# How do I print 18x24?



## farmerjohn1324

I know it would take a few sheets of paper that I would have to tape together.

I have Microsoft Word or Paint.


----------



## Laquer Head

Why wouldn't you just go to a place with a large format printer and have it be good quality, and done properly.

Taping together is gonna look ghetto as hell, regardless of what it's for.


----------



## Intel_man

18 x 24 is an ARCH C size paper. You'll want to print that as @Laquer Head said, a large format printer aka a plotter.


----------



## Laquer Head

I don't know about in the USA, but here you can go to Staples, Office Supply, and all types of independent places that regularly do graphics, signs, and posters for all sorts of businesses - such as, SpeedPro, Pattersons...etc The latter does all sorts of highway promotional signage, billboards, concert ads.,..etc


----------



## farmerjohn1324

Laquer Head said:


> I don't know about in the USA, but here you can go to Staples, Office Supply, and all types of independent places that regularly do graphics, signs, and posters for all sorts of businesses - such as, SpeedPro, Pattersons...etc The latter does all sorts of highway promotional signage, billboards, concert ads.,..etc



They want to charge me over $3.00 per print. I'm trying to print hundreds. Isn't there some way to do this with a printer at home? Even if it looks ghetto, that's fine.


----------



## Laquer Head

farmerjohn1324 said:


> They want to charge me over $3.00 per print. I'm trying to print hundreds. Isn't there some way to do this with a printer at home? Even if it looks ghetto, that's fine.
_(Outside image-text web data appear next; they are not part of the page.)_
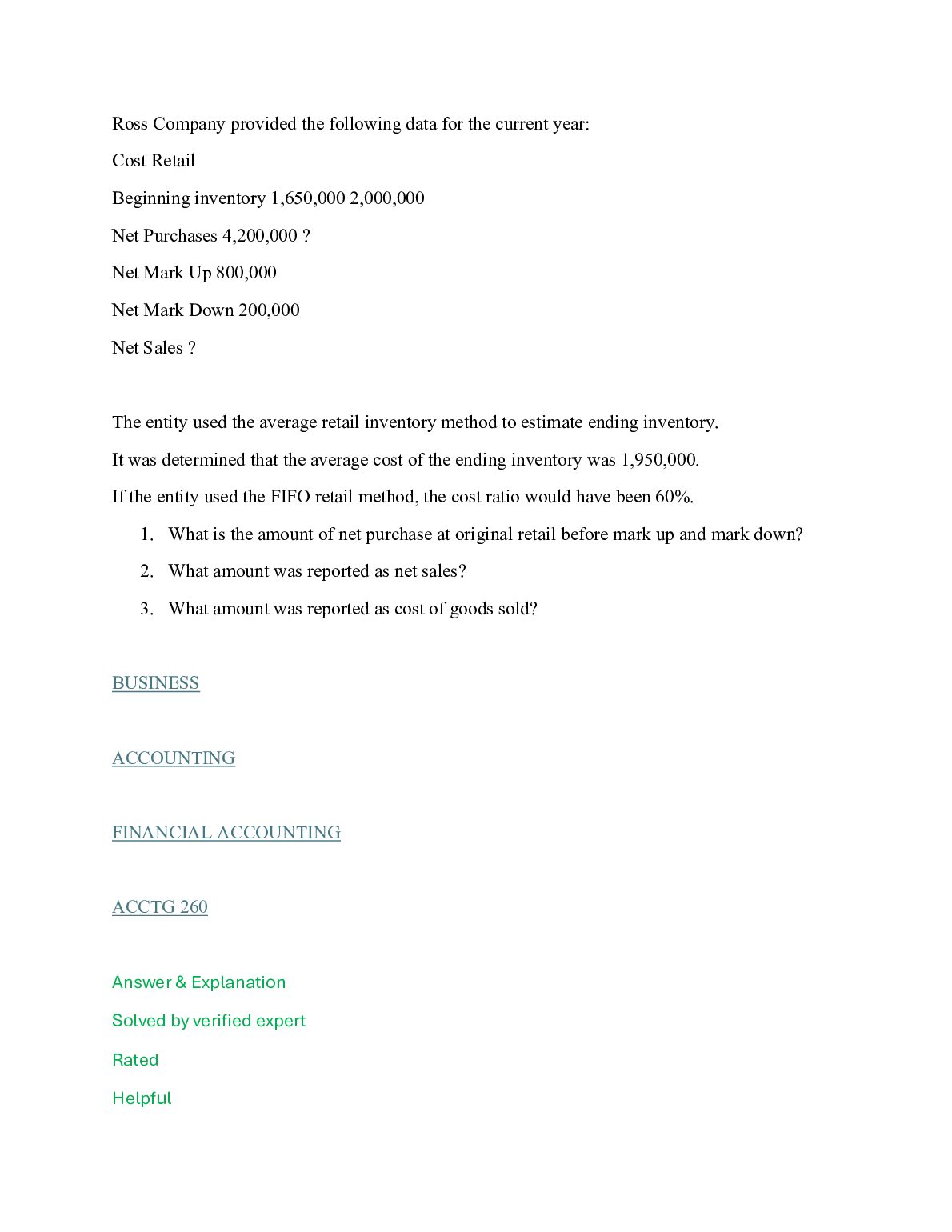 Central Philippine University - Jaro, Iloilo City.pdf Preview 1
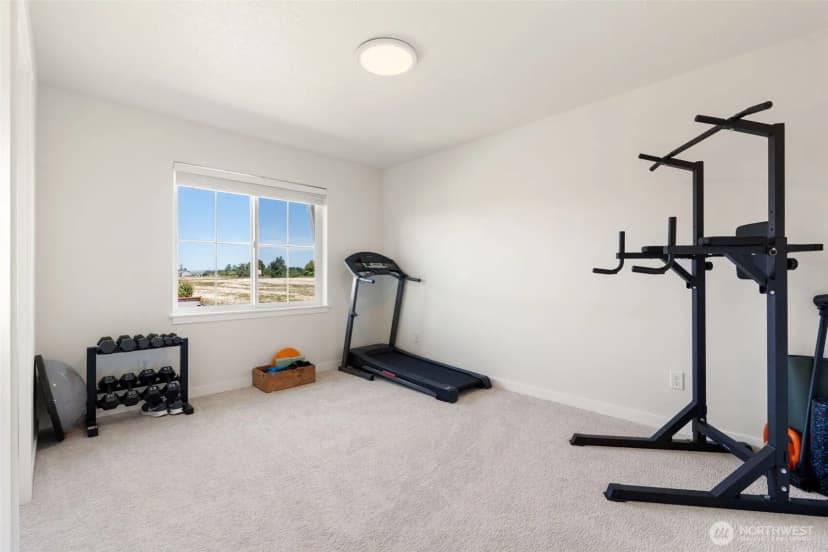 Property photo for 1090 Rw Fletcher Street, Winlock photo 18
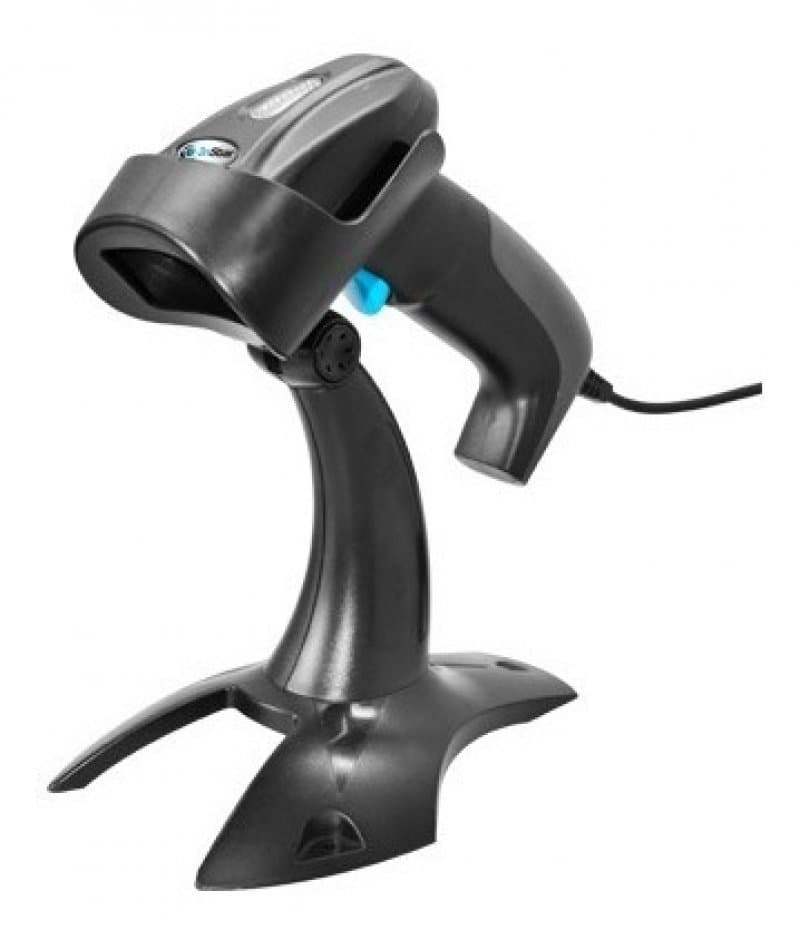 3nStar 2D Modelo:SC410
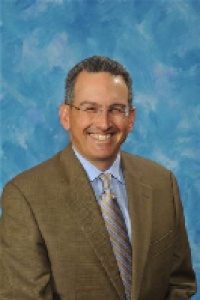 Ralph Levy MD, Cardiologist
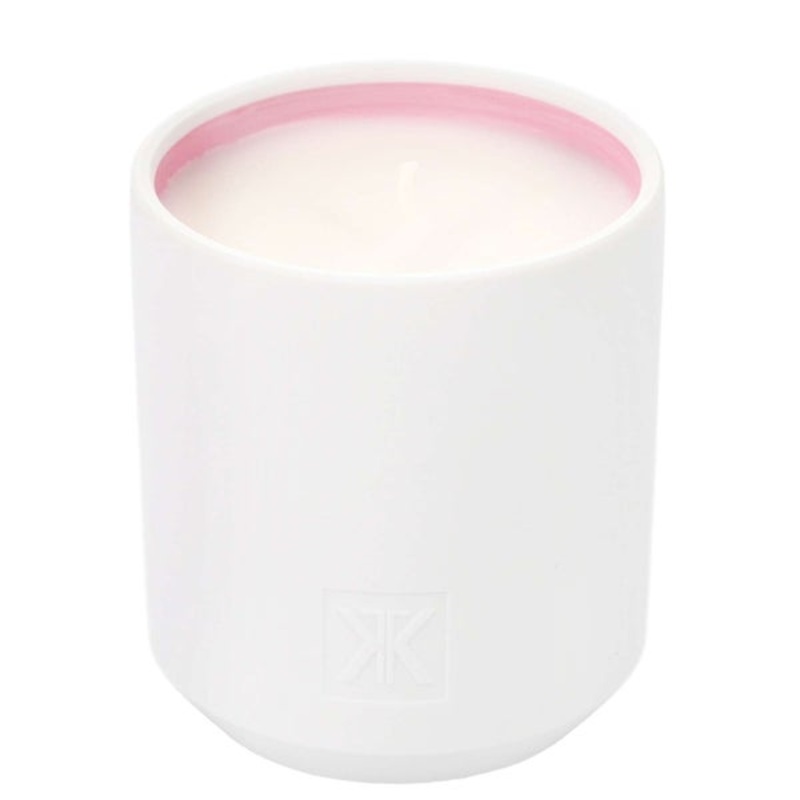 Maison Francis Kurkdjian Anouche Scented Candle 280g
There probably is a way, but I would go to a shop, the amount of time you are gonna spend ****ing around with ink, tape, lining stuff up...I'd gladly pay a few hundie for a proper, stress-free job.


----------



## beers

The time/resources/energy you would spend rigging a ghetto implementation would cost more than $3/print.


----------



## Laquer Head

beers said:


> The time/resources/energy you would spend rigging a ghetto implementation would cost more than $3/print.



Absolutely!!!


----------



## Intel_man

Considering if you print over a few sheets and piece it together, the printer doesn't print to the edge and will leave a margin. You will then have to trim each corner of each piece of paper and then some how attach it together.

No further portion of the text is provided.